I am a feminist, and a comic book reader, and yes, there is sexism is comics. But I think there is more sexism in television and in advertising. I am upset by the changes in characterization of DC's characters with their latest reboot, because so many of the heroes seem less heroic than they were - I'd be ranting more if I was more of a DC fan. But that isn't what's bothering Laura Hudson. It doesn't seem to be so much the bad characterisation that bothers her, but the combination of bad characterization, sexist art, and the red lacy bra.

I read her reasons for her anger and I felt vaguely guilty: as if I'm a failed feminist or a bad comic book reader. I don't know if I'd like those comics - I haven't read them - but should I feel guilty that I think the idea of Batman and Catwoman having sex on a rooftop is, well, kind of hot? And pretty much in character, too.

I can't tell if the problem is what happens in the comic, or how it happens. Bad dialogue, or bad ideology, or both? I am tempted to read these comics - well, the Batman/Catwoman story, anyway - to see what I think. Sometimes I read articles like this, and I wonder if the author is just reacting to any depiction of sexuality that includes what men like.
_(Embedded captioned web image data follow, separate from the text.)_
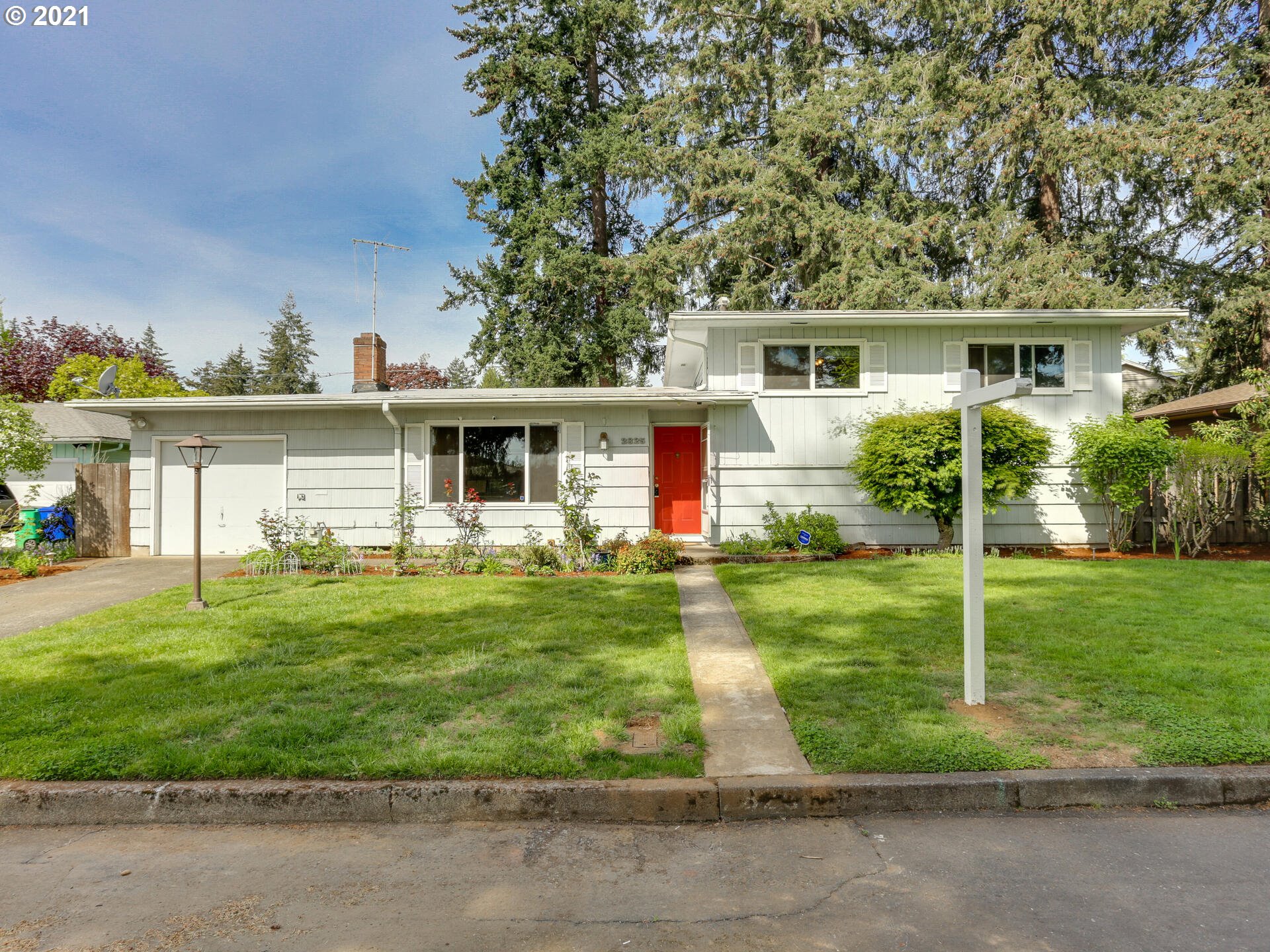2825 SE 120TH AVE (1 of 32)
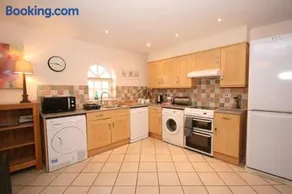 Grooms Cottage - Image 5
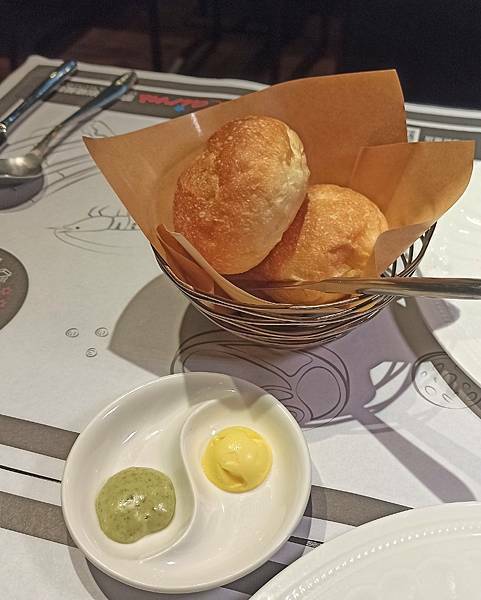 大安區牛排 | 凱恩斯岩燒牛排 台北大安店 400度岩石燒烤 自己動手烤牛排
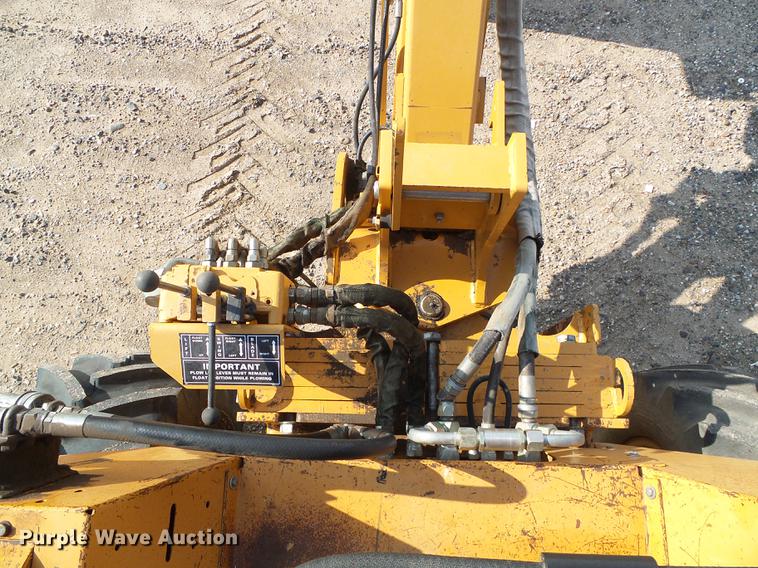 image for item DD5846 1994 Case 860 vibratory cable plow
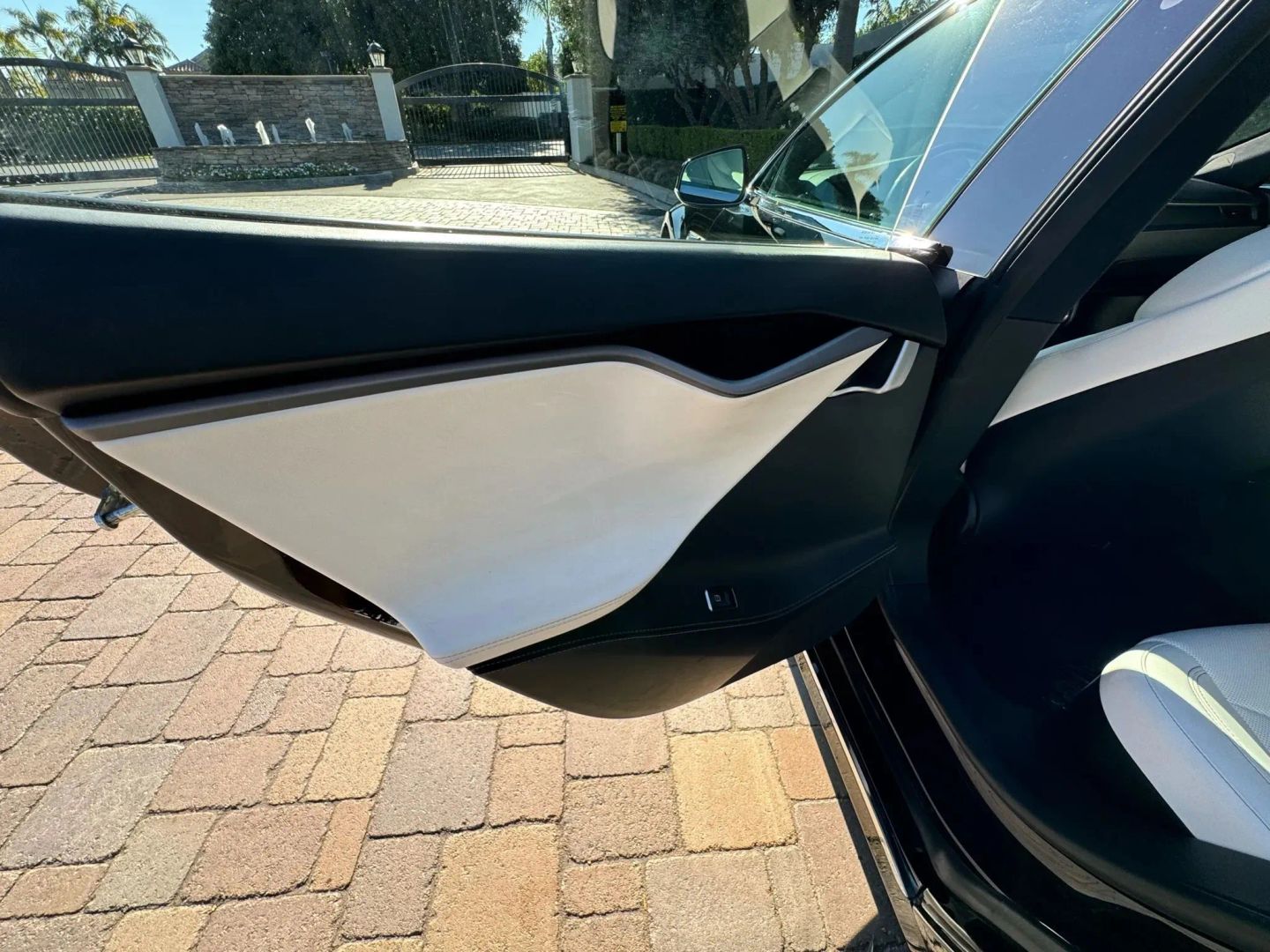 Photo 18 of this Tesla Model S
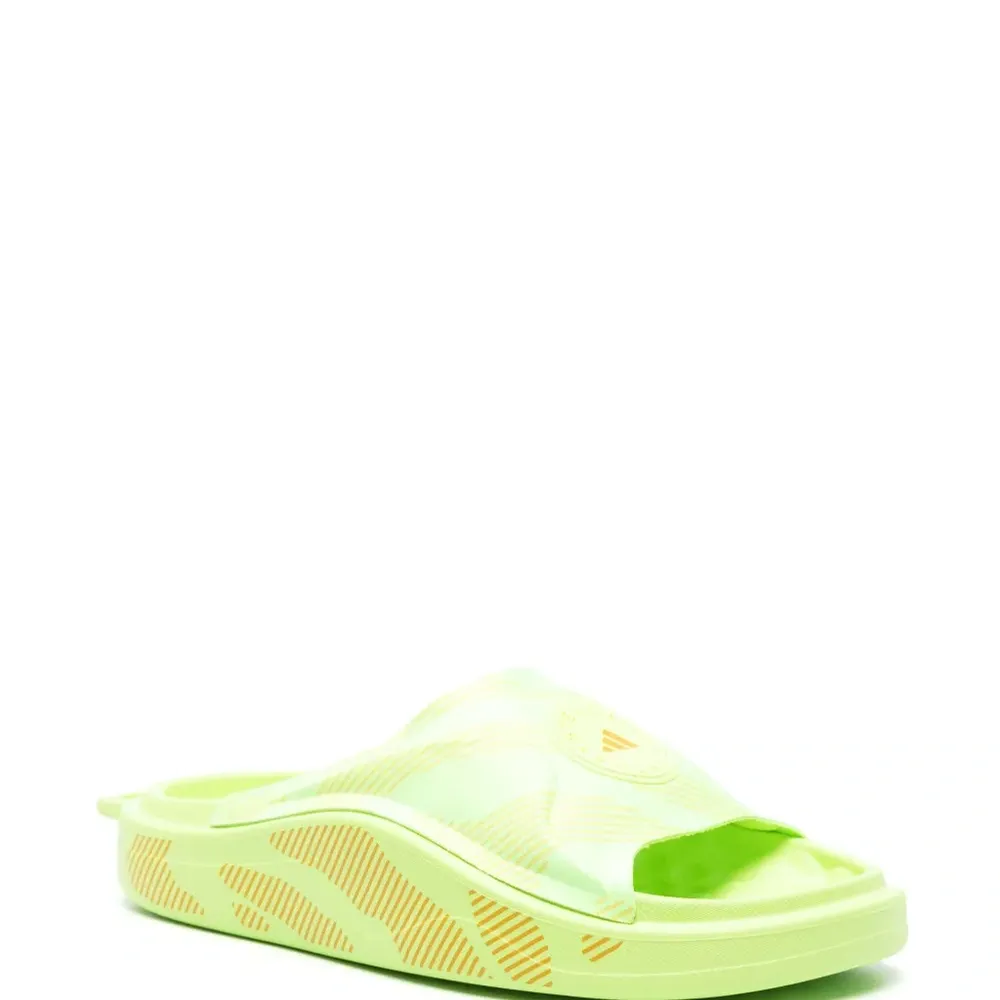 Шлепанцы с логотипом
I don't think Hudson was doing that - but I wondered why she reacted so strongly to these stories.

Problem is, it's one of those triggery subjects that I don't even like to bring up. Because so many people feel so very strongly when they see things as wrong, particularly demeaning depictions of women - and yes, so do I. I just seem to have... unusual triggers. Frankly, Hudson's anger made me feel so uncomfortable I didn't finish the article. Why, and why not? I don't know. I'll have to think about it.

I do wish we saw a half-dressed Batman more often. But he has his moments. And generally speaking, I love the stories where Batman gets sex or romance.

An nice antidote to this article was reading the latest issue of X-Men Legacy by Mike Carey this evening; a comic full of strong and interesting women. And strong and interesting men, too.